On Calorie Restriction and Health

A paper that captures the present mainstream view on calorie restriction in humans: "There is increasing evidence that restricting caloric intake may have considerable health benefits in humans. Significant evidence in non-primate animals demonstrates that caloric restriction increases average and maximal life span. However, historically, caloric intake reduction in humans has been involuntary and accompanied by poverty, malnutrition, poor sanitation, and a lack of modern health care. As a result, caloric restriction in people typically has been accompanied by a reduction of both average and maximal life span. Conversely, improvements in standards of living usually are accompanied by an increased food supply and resultant improved health and longevity. The majority of the world is now in a new era where an abundance of caloric intake and its associated obesity are causing widespread chronic illness and premature death. What would happen if one were to institute caloric restriction with high-quality nutrition within an environment of modern sanitation and health care? This review argues that improved health and improved average life span would quite likely result. A lengthening of maximal human life span with this combination is perhaps possible but by no means certain."

Link: http://www.ncbi.nlm.nih.gov/pubmed/21526354

Comments

Both extremes, poverty with calorie and nutritional restriction and obesity with indiscriminate caloric intake with possible poor nutrition, are prone to be accompanied by psychological problems.

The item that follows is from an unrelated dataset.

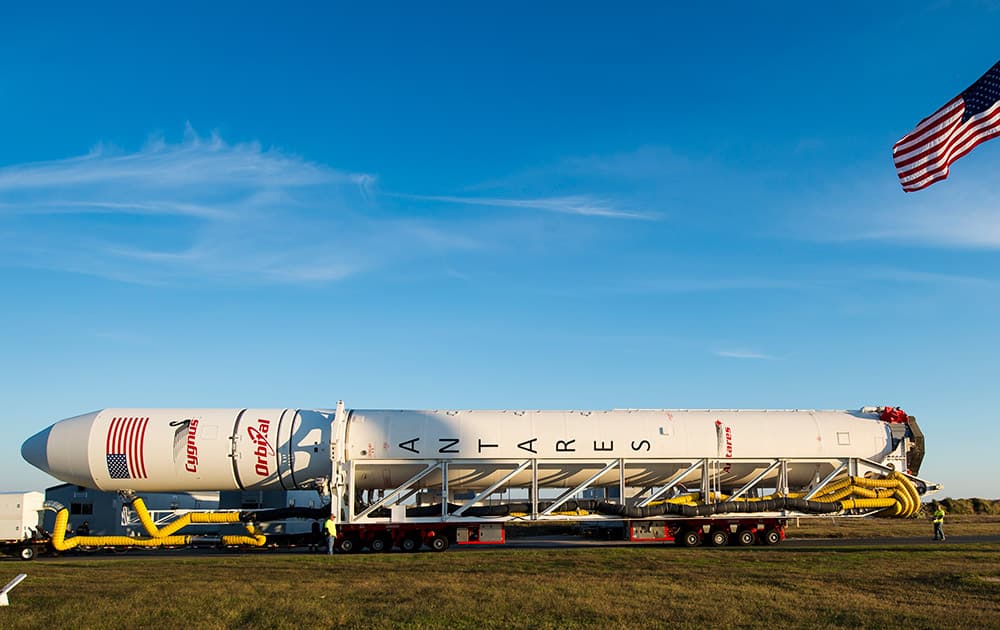 The Orbital Sciences Corporation Antares rocket, with the Cygnus spacecraft onboard, rolls from the Horizontal Integration Facility (HIF) to launch Pad-0A, at NASA's Wallops Flight Facility in Virginia.
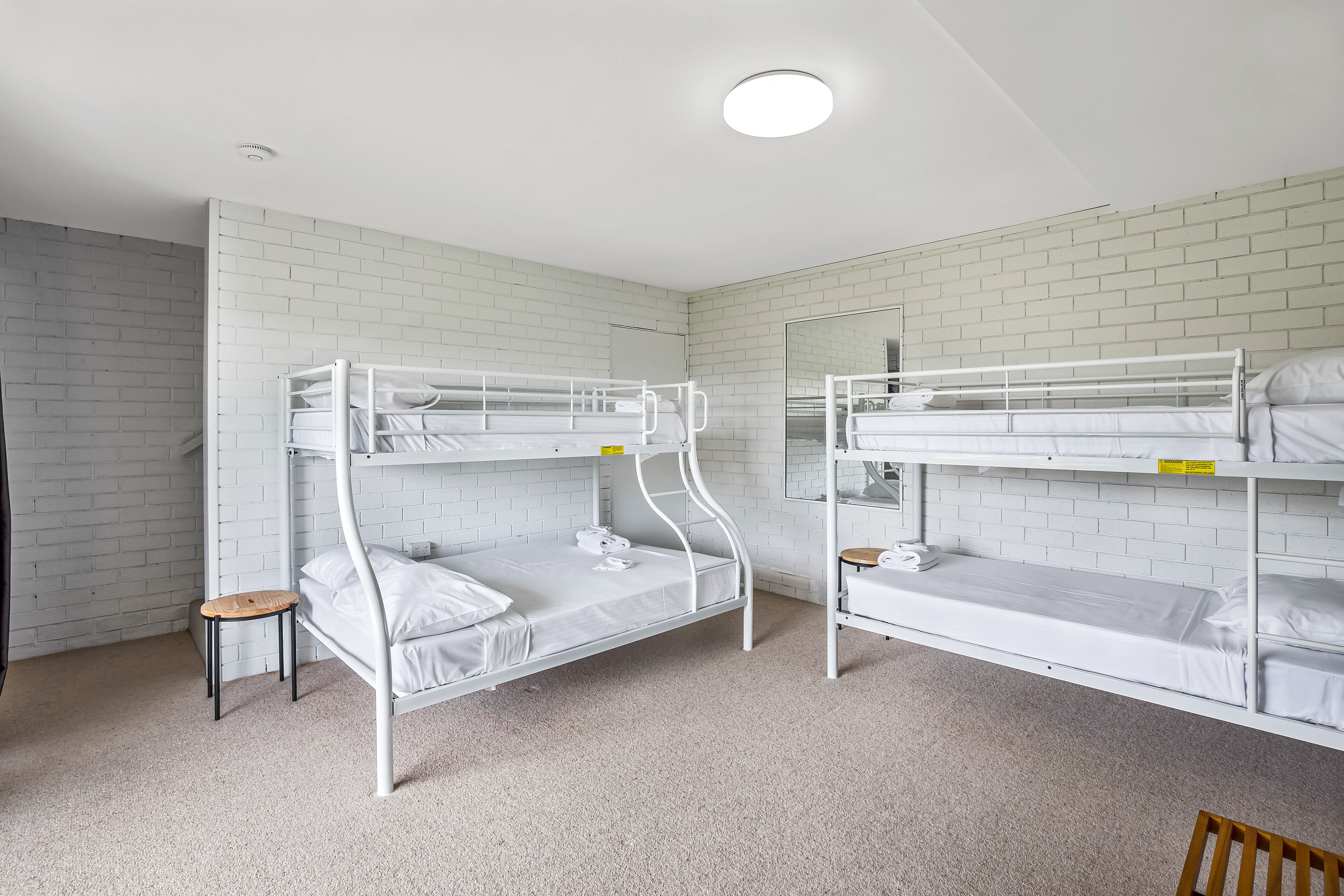 A room with two bunk beds, a small wooden stool, and a mirror on the wall.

Extrapolating longevity data and theories from these groups can only leave one open to criticism. Both groups are far from 'normal'. Similar flawed longevity data, that married people live longer than single people, and this is somehow attributed to being married. Again, the statistics will show that a reason one is single may be poor health, sexual orientation and drug use, all of which are longevity detrimental. Indeed, if only mentally and physically healthy single people were chosen, the single may have the edge. Sample choosing is obviously extremely important, and sometimes generalizations are frankly humorous.